* **Records supplied**:
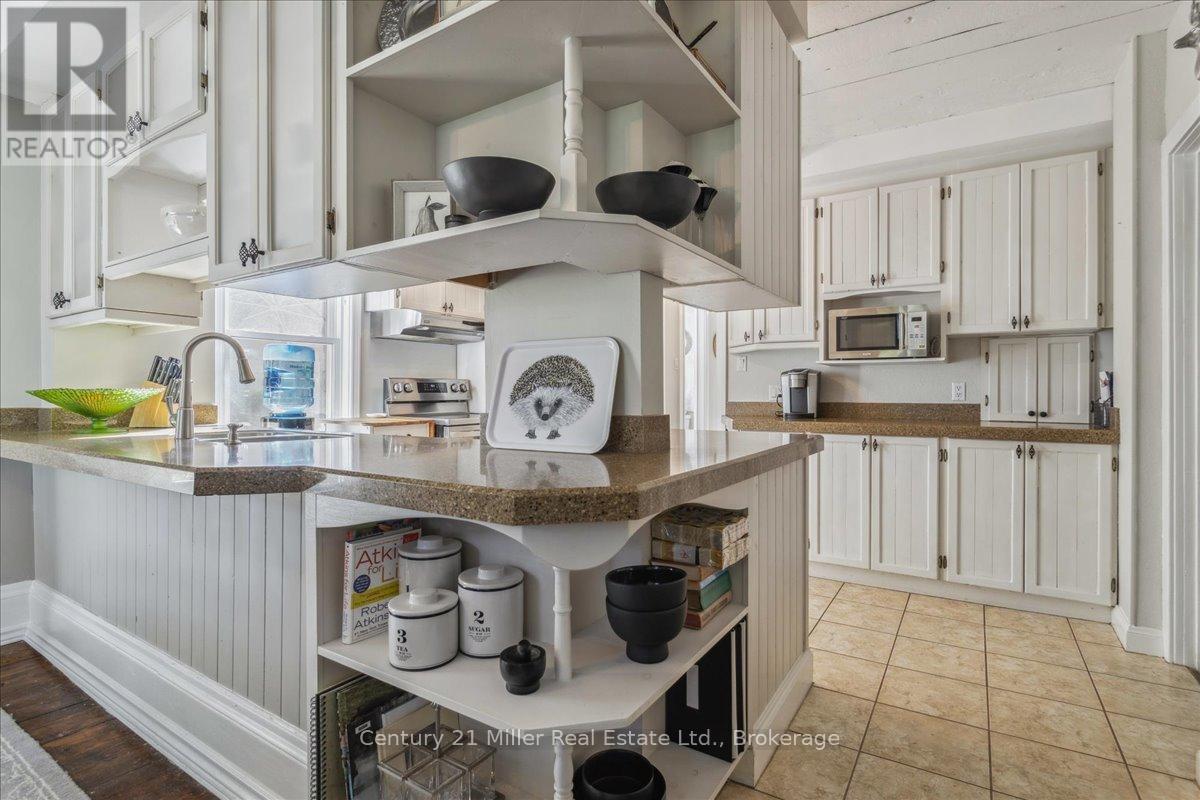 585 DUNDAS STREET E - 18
--
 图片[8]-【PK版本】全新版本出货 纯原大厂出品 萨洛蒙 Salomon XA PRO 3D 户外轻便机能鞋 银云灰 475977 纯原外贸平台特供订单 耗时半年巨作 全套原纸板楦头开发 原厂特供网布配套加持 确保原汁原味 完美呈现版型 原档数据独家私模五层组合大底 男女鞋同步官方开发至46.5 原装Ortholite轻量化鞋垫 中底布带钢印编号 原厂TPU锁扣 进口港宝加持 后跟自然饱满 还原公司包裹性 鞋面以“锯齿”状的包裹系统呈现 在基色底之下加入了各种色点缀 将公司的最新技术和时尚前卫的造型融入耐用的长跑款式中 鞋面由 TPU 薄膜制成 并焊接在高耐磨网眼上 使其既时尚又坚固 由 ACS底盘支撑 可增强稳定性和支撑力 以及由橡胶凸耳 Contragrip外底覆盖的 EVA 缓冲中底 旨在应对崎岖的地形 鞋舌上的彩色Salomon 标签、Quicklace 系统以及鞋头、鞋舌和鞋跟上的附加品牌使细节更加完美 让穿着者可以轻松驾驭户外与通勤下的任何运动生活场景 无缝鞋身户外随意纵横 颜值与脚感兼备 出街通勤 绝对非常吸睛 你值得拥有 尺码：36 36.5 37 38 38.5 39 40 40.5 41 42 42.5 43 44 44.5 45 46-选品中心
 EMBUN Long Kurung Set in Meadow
...
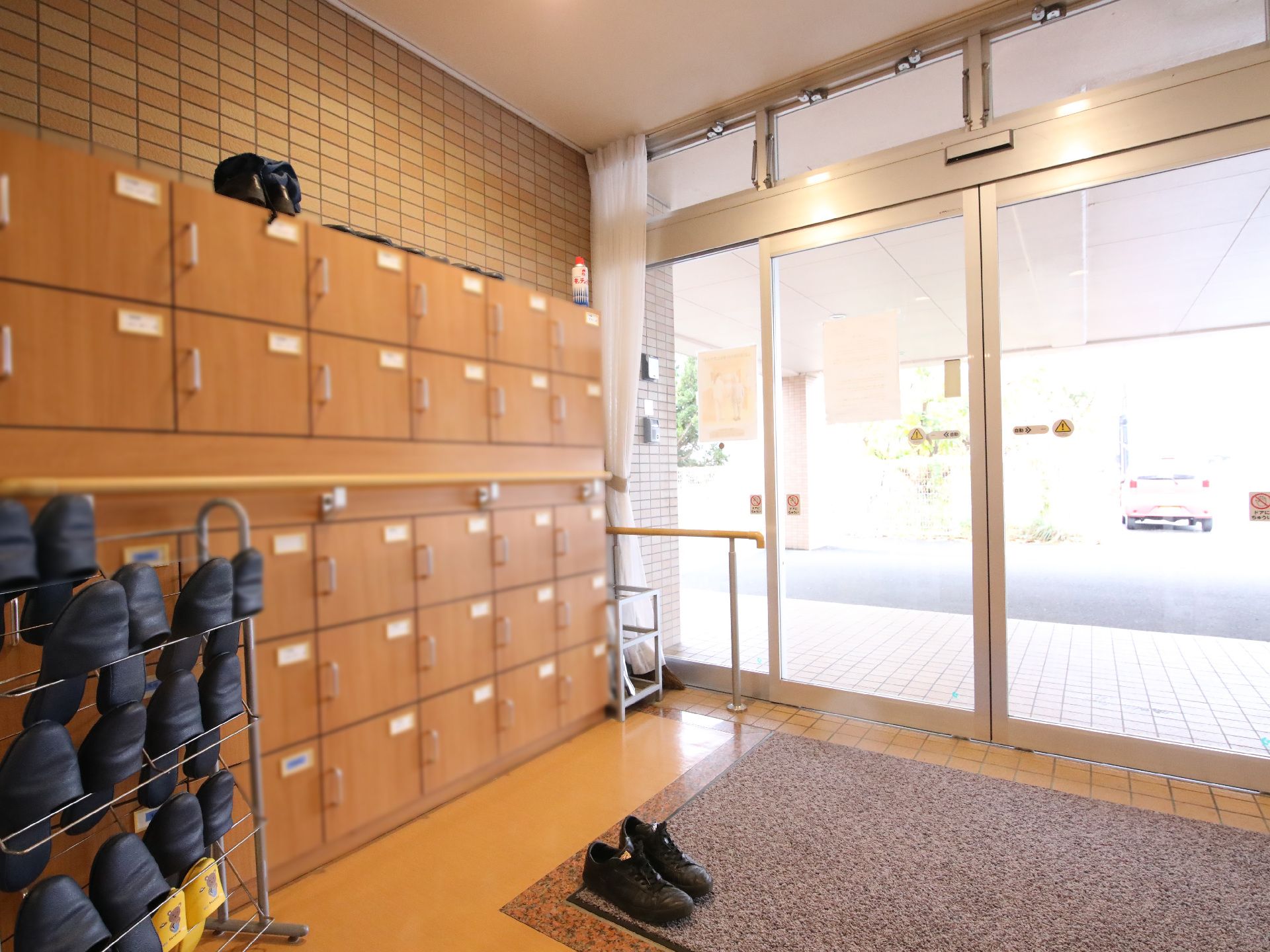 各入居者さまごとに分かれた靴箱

* **What is needed**: Retype the records above, but only those lines that fall between the line containing "图片[8]-【PK版本】全新版本出货 纯原大厂出品 萨洛蒙" and the line containing "EMBUN Long Kurung Set in Meadow", with both of those lines included, exactly as written.

* **Your solution**:
 图片[8]-【PK版本】全新版本出货 纯原大厂出品 萨洛蒙 Salomon XA PRO 3D 户外轻便机能鞋 银云灰 475977 纯原外贸平台特供订单 耗时半年巨作 全套原纸板楦头开发 原厂特供网布配套加持 确保原汁原味 完美呈现版型 原档数据独家私模五层组合大底 男女鞋同步官方开发至46.5 原装Ortholite轻量化鞋垫 中底布带钢印编号 原厂TPU锁扣 进口港宝加持 后跟自然饱满 还原公司包裹性 鞋面以“锯齿”状的包裹系统呈现 在基色底之下加入了各种色点缀 将公司的最新技术和时尚前卫的造型融入耐用的长跑款式中 鞋面由 TPU 薄膜制成 并焊接在高耐磨网眼上 使其既时尚又坚固 由 ACS底盘支撑 可增强稳定性和支撑力 以及由橡胶凸耳 Contragrip外底覆盖的 EVA 缓冲中底 旨在应对崎岖的地形 鞋舌上的彩色Salomon 标签、Quicklace 系统以及鞋头、鞋舌和鞋跟上的附加品牌使细节更加完美 让穿着者可以轻松驾驭户外与通勤下的任何运动生活场景 无缝鞋身户外随意纵横 颜值与脚感兼备 出街通勤 绝对非常吸睛 你值得拥有 尺码：36 36.5 37 38 38.5 39 40 40.5 41 42 42.5 43 44 44.5 45 46-选品中心
 EMBUN Long Kurung Set in Meadow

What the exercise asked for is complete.